The Mechanistic Invariance Test: Genomic Language Models Fail to Learn Positional Regulatory Logic
TLDR
Genomic language models fail to learn positional gene regulation, instead relying on statistical shortcuts like AT content, despite high performance.
Key contributions
- Introduces Mechanistic Invariance Test (MIT), a 650-sequence benchmark for genomic language models.
- Finds genomic LMs universally fail to learn positional regulatory logic, relying on AT content correlation.
- Billion-parameter gLMs score incorrect regulatory positions higher than correct ones, inverting biology.

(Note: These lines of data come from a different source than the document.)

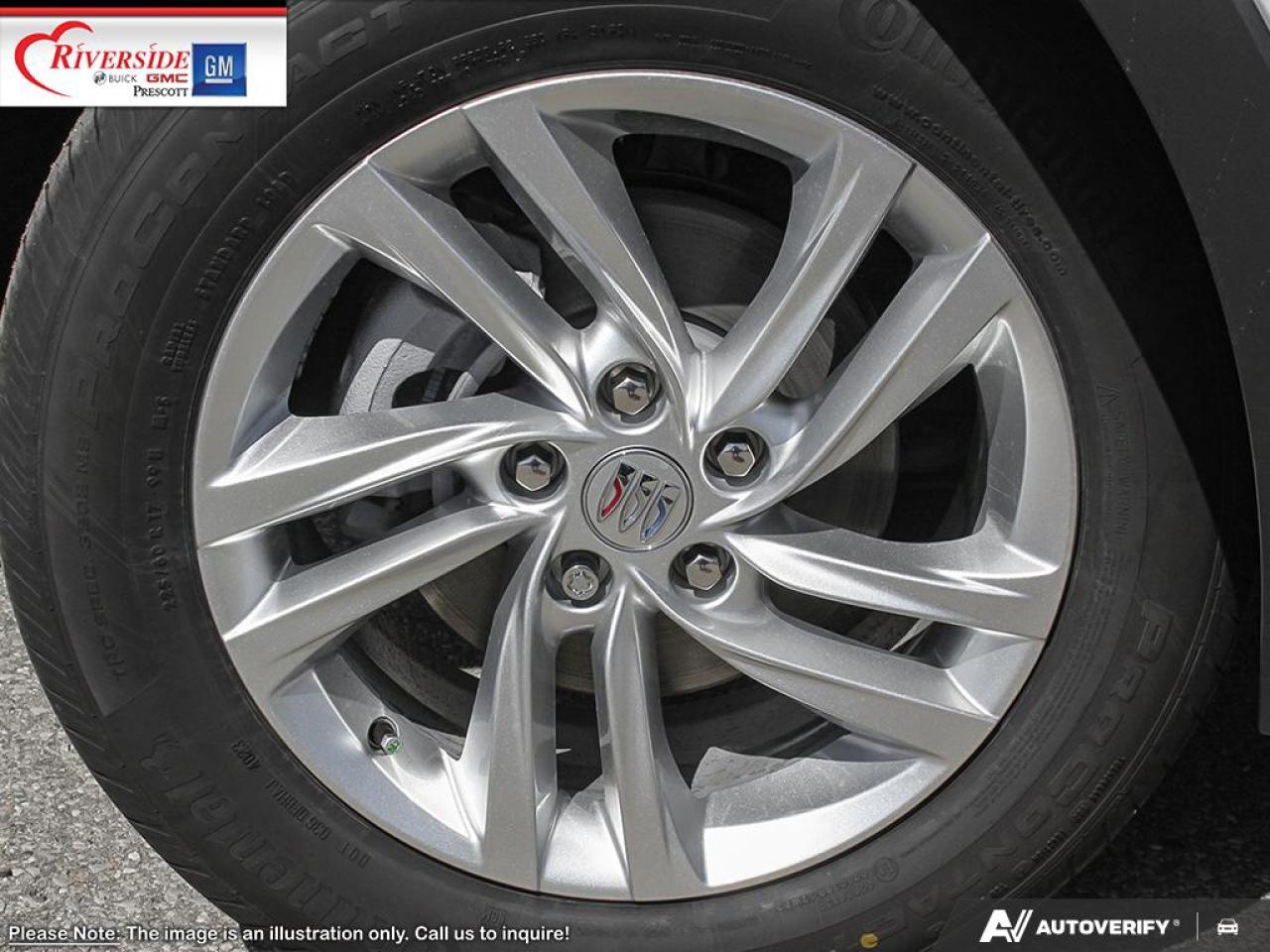2025 Buick Envista Preferred 4dr Front-Wheel Drive Photo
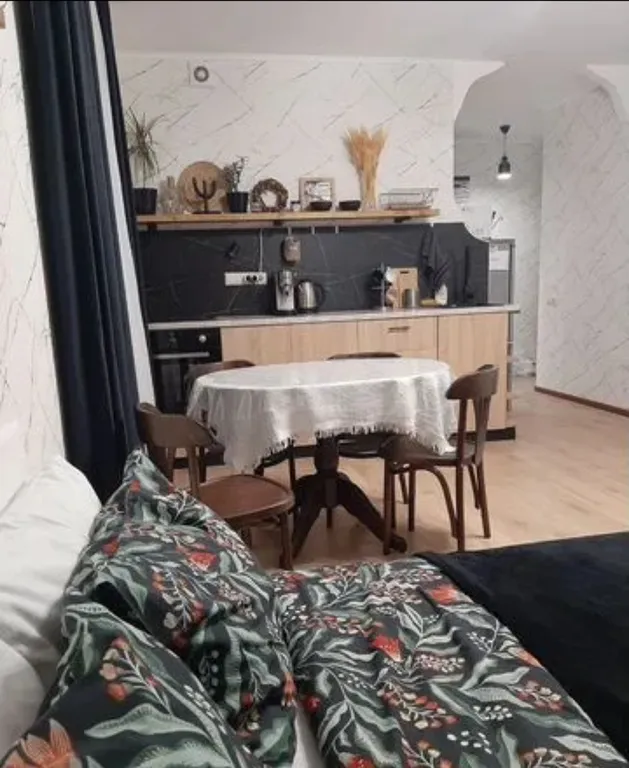 Уютная квартира возле Ашана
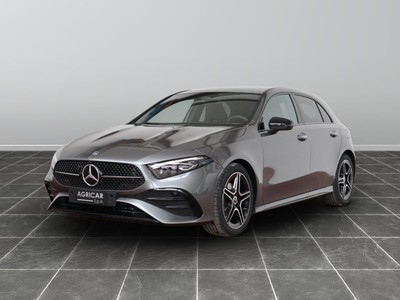 Mercedes Classe A 200 amg line advanced plus 7g-dct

- A simple 100-parameter PWM achieves perfect performance, exposing gLMs' misaligned inductive biases.
Why it matters
This paper reveals that despite high performance, current genomic language models fundamentally miss the positional grammar essential for gene regulation. This demands urgent architectural innovation before their deployment in synthetic biology, gene therapy, and clinical variant interpretation.
Original Abstract
Genomic language models (gLMs) have transformed computational biology, achieving state-of-the-art performance across genomic tasks. Yet a fundamental question threatens the foundation of this success: do these models learn the mechanistic principles governing gene regulation, or do they merely exploit statistical shortcuts? We introduce the Mechanistic Invariance Test (MIT), a rigorous 650-sequence benchmark across 8 classes with scrambled controls that enables clean discrimination between compositional sensitivity and genuine positional understanding. We evaluate five gLMs spanning all major architectural paradigms (autoregressive, masked, and bidirectional state-space models) and uncover a universal failure mode. Through systematic mechanistic probing via AT titration, positional ablation, spacing perturbation, and strand orientation tests, we demonstrate that apparent compensation sensitivity is driven entirely by AT content correlation (r=0.78-0.96 across architectures), not positional regulatory logic. The failures are striking: Evo2-1B and Caduceus score regulatory elements at incorrect positions higher than correct positions, inverting biological reality. All models are strand-blind. Compositional effects dominate positional effects by 46-fold. Perhaps most revealing, a simple 100-parameter position-aware PWM achieves perfect performance (CSS=1.00, SCR=0.98), exposing that billion-parameter gLMs fail not from insufficient capacity but from fundamentally misaligned inductive biases. Larger models show stronger compositional bias, demonstrating that scale amplifies rather than corrects this limitation. These findings reveal that current gLMs capture surface statistics while missing the positional grammar essential for gene regulation, demanding architectural innovation before deployment in synthetic biology, gene therapy, and clinical variant interpretation.